Leonardo: Primeiro meu objetivo era montar um grupo de iniciantes altamente interessados. Após essa etapa, que foi também uma etapa onde aprenderam a programar o básico, começaram os treinamentos semanais. O objetivo dos treinamentos é fazer os competidores obterem conhecimento sem parar, sobre todos os temas comuns em competições. Assim, continuar treinando as habilidades em programação e utilizar as técnicas aprendidas na resolução dos problemas. Apos isso já são capazes de treinar sozinhos. Na verdade eu não tinha ideia do que poderia acontecer, porque nunca tinha feito algo assim. Mas os resultados com certeza foram acima das minhas expectativas: nas competições em equipe, dos novos times formados, um foi campeão da maratona da Jornada da Computação UFU e outro foi premiado na 1a Maratona Mineira e por muito pouco não conseguiu vaga para a Final Brasileira 2012 em sua 1a participação na seletiva regional. Individualmente os competidores tiveram excelentes resultados e alguns deles foram premiados na última maratona organizada pela Algar (11a Maratona de Programação) pelos 2o, 3o, 6o e 10o lugares. Eu os "abandonei" no último passo, mas tenho certeza de que se sairão muito bem nas próximas maratonas, até porque agora contam com 3 treinadores: Enrique Fynn e Thadeu Tucci, meus ex-companheiros de time, e o Prof. Lásaro Camargos, que foi nosso treinador também. Pretendo começar a treinar alguns times aqui na minha nova universidade, e espero em não muito tempo enfrentar meus ex-alunos de maratona da UFU na Final Mundial :)
printf: Soubemos que você participou de um Curso de Verão relacionado a área, poderia nos dizer um pouco sobre ele (exige algum nível de conhecimento? há aulas? simulações? local, quantidade de dias, etc) e quais tipos de conhecimentos ele agrega?
Leonardo: Esse Curso de Verão é realizado para os times da América Latina que conseguiram vaga na Final Mundial, e times que se saíram bem nas Finais Nacionais são convidados a participar também.
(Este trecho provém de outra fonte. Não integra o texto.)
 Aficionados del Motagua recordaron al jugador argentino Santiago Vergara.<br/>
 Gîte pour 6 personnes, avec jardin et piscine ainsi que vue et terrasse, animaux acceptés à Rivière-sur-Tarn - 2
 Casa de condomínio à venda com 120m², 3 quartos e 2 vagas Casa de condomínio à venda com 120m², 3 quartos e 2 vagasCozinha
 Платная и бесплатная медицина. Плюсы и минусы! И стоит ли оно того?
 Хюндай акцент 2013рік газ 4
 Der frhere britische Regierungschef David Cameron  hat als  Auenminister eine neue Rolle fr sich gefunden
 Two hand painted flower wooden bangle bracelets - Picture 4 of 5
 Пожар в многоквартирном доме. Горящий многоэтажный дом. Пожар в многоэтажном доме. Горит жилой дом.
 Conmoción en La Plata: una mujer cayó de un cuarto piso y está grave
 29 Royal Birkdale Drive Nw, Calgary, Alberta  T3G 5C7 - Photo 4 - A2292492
A escola é bastante puxada, o nível é bem alto. É indicado para times já experientes, que conseguiram a vaga para a Final Mundial ou que realmente esperam conseguir na próxima competição. Quando participei, foram 4 semanas na UNICAMP. Durante cada semana tínhamos um professor diferente, que foram ex-competidores de nível mundial, como o bicampeão Andrey Lopatin. A rotina era a mesma todos os dias: de manhã aula teórica e de tarde competição. Além das novas técnicas e algoritmos aprendidos, o que já era esperado, percebemos que esta rotina nos deu bastante resistência física (algo que programadores não costumam ter muito, certo? =] ) para as competições, o que realmente faz muita diferença ao tentar resolver um problema após fritar o cérebro por quase 5 horas. Algo que comentávamos, era que antigamente saíamos esgotados das competições, e após o curso de verão poderíamos competir por mais de 5 horas (tempo normal de uma competição) tranquilamente. Claro que isso não é o mais importante, mas foi algo que achamos bem curioso ao avaliar como foi o curso de verão. Resumindo, é excelente e recomendo para times mais experientes.